Очень много лет Егор Иванович жил в разъездах между Жереховым, Ореховым и Фетиньиным. Он очень любил и умел хозяйствовать на земле, хотя и здесь был гораздо более заботлив, аккуратен и бережлив, нежели предприимчив: не умел и, надо думать, не считал правильным ставить во главу угла выжимание прибыли из хозяйства, из земли, из работников. Он действительно главным образом заботился о том, другом и третьем. И эти усилия экономически лишь немного превышали затраты. Пока был жив граф Валериан Николаевич никто с него эффективного хозяйствования и не спрашивал. Но после кончины Валериана Николаевича в 1857 году наследники Оболенские все чаще стали предъявлять своему управляющему претензии. Нередко бывало так, что представленные им к оплате счета, скажем, на потребовавшееся поновление прорванной плотины не принимались, приходилось покрывать расходы из своих скудных средств. И все же немало лет Егор Иванович прослужил и у Оболенских, и затем и у Леонтьевых, их наследников, и только уж потом сменил его тот самый выше помянутый управляющий-лесовод Гуд, а Егор Иванович уехал в Тульскую губернию, чтобы снова стать управляющим, только теперь имениями своего старшего сына Ивана.
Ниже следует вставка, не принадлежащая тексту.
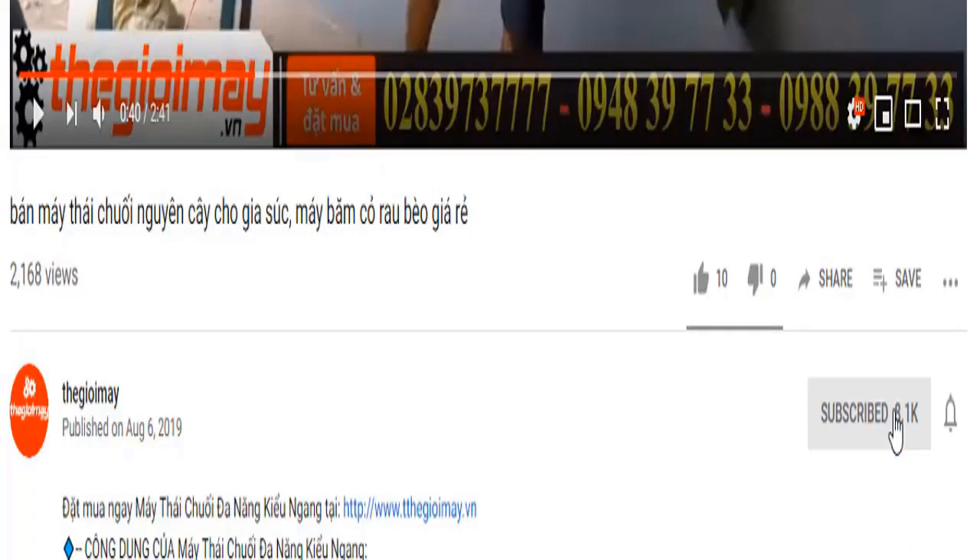Bà con đừng quên bấm nút đăng ký kênh video của Thế Giới Máy và bấm nút chuông ở bên cạnh để nhận thông báo mỗi khi Thế Giới Máy đăng tải video mới hướng dẫn sử dụng máy móc thiết bị cho bà con.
В начале 70-х Иван Егорович, в то время товарищ прокурора в Туле, женился первым браком на молодой вдове князя Гагарина Варваре — Вавочке, как ее звали в семье, получив за ней обширное и богатое имение Новое Село на берегу реки Шат. После кончины жены Иван Егорович остался совладельцем имения вместе с матерью покойной, но потом ему удалось довыкупить все имение, использовав на эти цели приданное второй жены — Ольги Гавриловны Новиковой, невесте так же весьма богатой.

И все-то годы — вплоть до кончины своей, Егор Иванович так и провел в Новом Селе, там же обрел и вечный покой на погосте храма в честь Успения Пресвятой Богородицы.

Жуковские часто бывали в Жерихове. Собирались туда прокатиться молодые Жуковские и Микулины и в то, памятное 1903 года лето, которое все медлит и медлит начаться в моем повествовании… Тогда-то в Жерихове можно было пройтись по старинному дворцу изящнейшей архитектуры, помолиться в древнем храме, постоять в спальне у ложа, на котором почивала сама императрица Екатерина II и вообще напитать душу этой удивительной русской усадебной красотой. Тогда еще там, в немыслимо безобразных, душераздирающих развалинах не было специального психоневрологического диспансера, который обосновался в Жерихове в последние годы XX века.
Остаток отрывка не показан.